800円→1,000円に!クレーンゲームの景品の上限額引き上げに伴う注意点について

令和4年3月1日、警察庁生活安全局が風俗営業等の規制及び業務の適正化等に関する法律(以下、風営法)の解釈運用基準を改正し公表しました。
解釈運用基準は、裁判所判例と並ぶ「立法府の手続きによらない立法」ともいうべきルールブックであり、要するに、法律を運用する行政機関がどのように法律を解釈して運用していくのかを示した基準です。
公表された新たな基準の中で特に目をひいたのが、長らく「800円以下」とされてきたクレーンゲームにおける景品の上限額が、「1,000円以下」に引き上げられたことです。(以下、その条文)
遊技の結果が物品により表示される遊技の用に供するクレーン式遊技機等の遊技設備により客に遊技をさせる営業を営む者は、その営業に関し、クレーンで釣り上げるなどした物品で小売価格がおおむね1,000円以下のものを提供する場合については法第23条第2項に規定する「遊技の結果に応じて賞品を提供」することには当たらないものとして取り扱うこととする。
(風俗営業等の規制及び業務の適正化等に関する法律等の解釈運用基準について)
え?そもそも800円までだったの?
クレーンゲームで提供することができる景品について、そもそも上限額が設定されていたことをご存じない方も多いのではないかと思いますが、この辺りについては詳しく触れている以下の記事内でご確認いただくことにして、本稿では景品の上限額の引き上げに伴って注意すべき点について触れていきたいと思います。
警察当局の姿勢
明確に「1,000円以下」という基準を示したことで、一見すると規制を緩和したように捉えることもできますが、実際のところは「規制の厳格な適用」という警察庁からの強いメッセージであるようにも受け取れます。
記事内でも触れているとおり、本来風営法で禁じられているはずの「遊技の結果に応じた景品の提供」が例外的に許容されているのは、警察からの「お目こぼし」であるというのが本質です。
つまり警察側としては、「明らかに基準額以上の高額景品を展示している違法な店舗」に対して、「上限額を1,000円に引き上げたんだから後はちゃんとしてね」という警告の意味も込めたメッセージを発信しているというわけです。
店舗側の注意点
今まで800円だった景品の上限額が1,000円に引き上げられたわけですから、景品のバリエーションとともに経営上の選択肢が増えることは間違いありません。

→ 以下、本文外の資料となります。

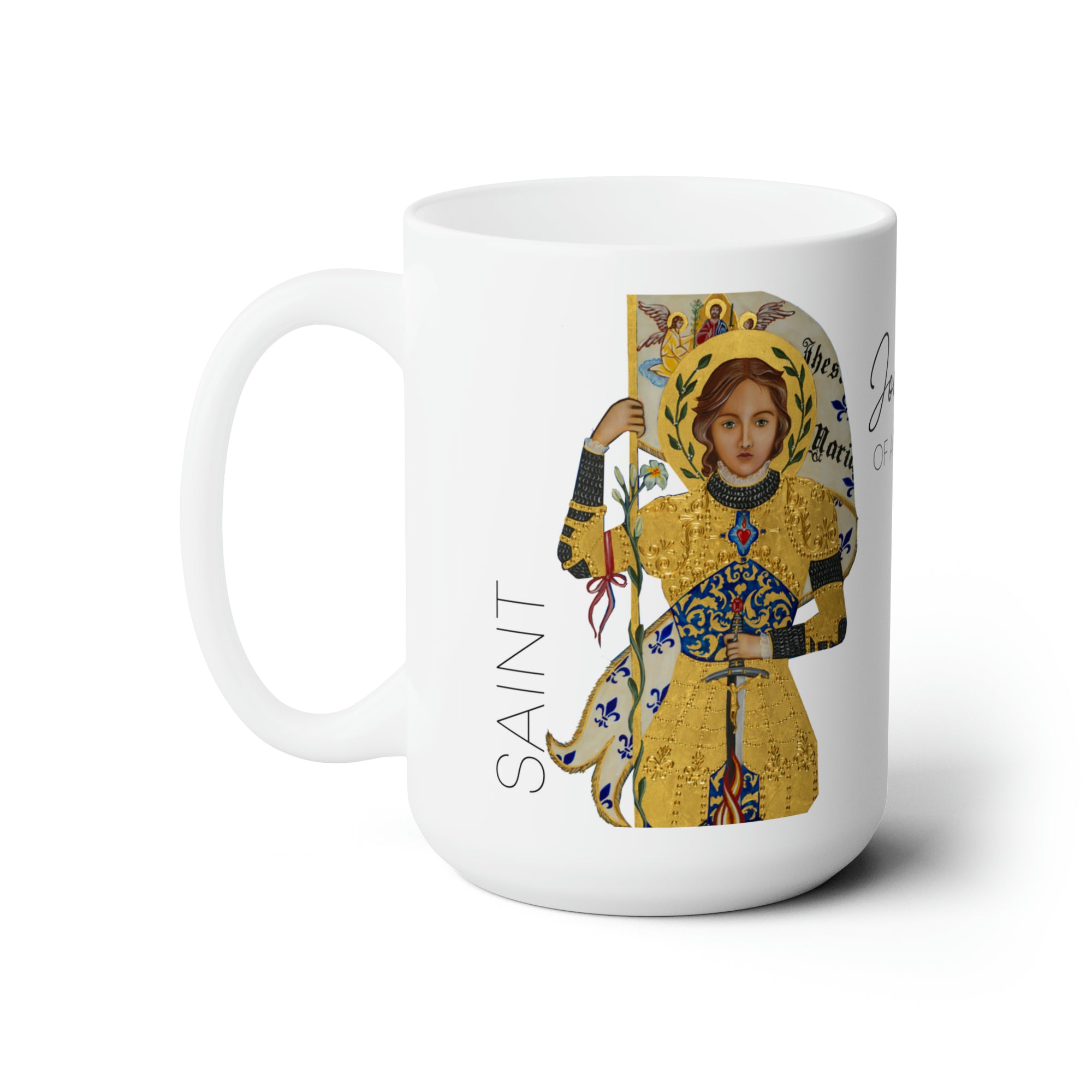 Saint Joan of Arc Prayer Mug 15oz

上限額の引き上げに尽力した関係者や団体もいらっしゃるようなので、ここは悲願達成といったところです。
ただし、収支のバランスについて考えると、ゲーム性にもそれなりの工夫を施す必要があるため、すべて手放しで歓迎することは出来ないかもしれません。
1プレイを100円と仮定して、単純計算で1景品につき2プレイは多く遊んでもらわないと元本は回収することが出来なくなるわけですから、この点について「遊びやすさ」との折り合いをどのようにつけていくのかが悩みどころになるのではないかと思います。
客側の影響
景品のバリエーションが増えることで歓迎する方も多いとは思いますが、ここは「お店側とのハラの探り合い」になるのではないかと思います。
前述したとおり、お店側は景品の元を取るためにそれなりの工夫を施す必要があるので、100円や200円で簡単に景品が取得出来るようにゲームバランスを調整していませんし、景品の仕入額が増えることで、ますます辛口の調整をせざるをえなくなります。

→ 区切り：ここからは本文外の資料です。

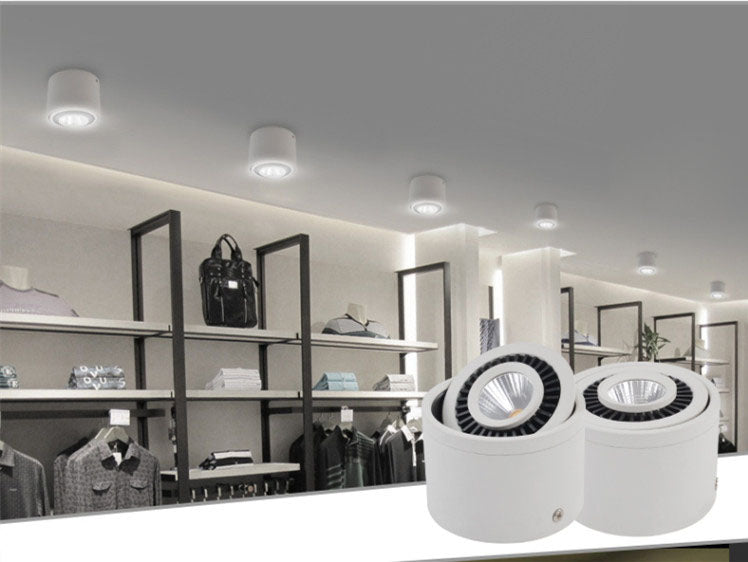 COB LED Recessed Downlights Dimmable 5W 7W 9W 15W Surface Mounted LED Ceiling Lamps Spot Light 360 Degree Rotation AC110V 220V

客から見て魅力的なラインナップが店頭に増えることになるとは思いますが、この点も頭に入れつつ財布の中身ともよく相談してチャレンジすることをお薦めしておきます。
まとめ
解釈運用基準はあくまでも行政機関の判断基準であって正式な法令ではありません。また、世情の変化によっては今後もさらに改正されていく流動的なルールブックであるという見方もあります。
他方、現場の警察官はこの基準に沿って取締りを行うため、事実上は法令と同一の法規範として捉えることが賢明です。いずれにせよ、ご自身が携わる事業についてのルールは日常的に確認・把握するようにして、取締りや処罰の対象とならないよう十分にご留意ください。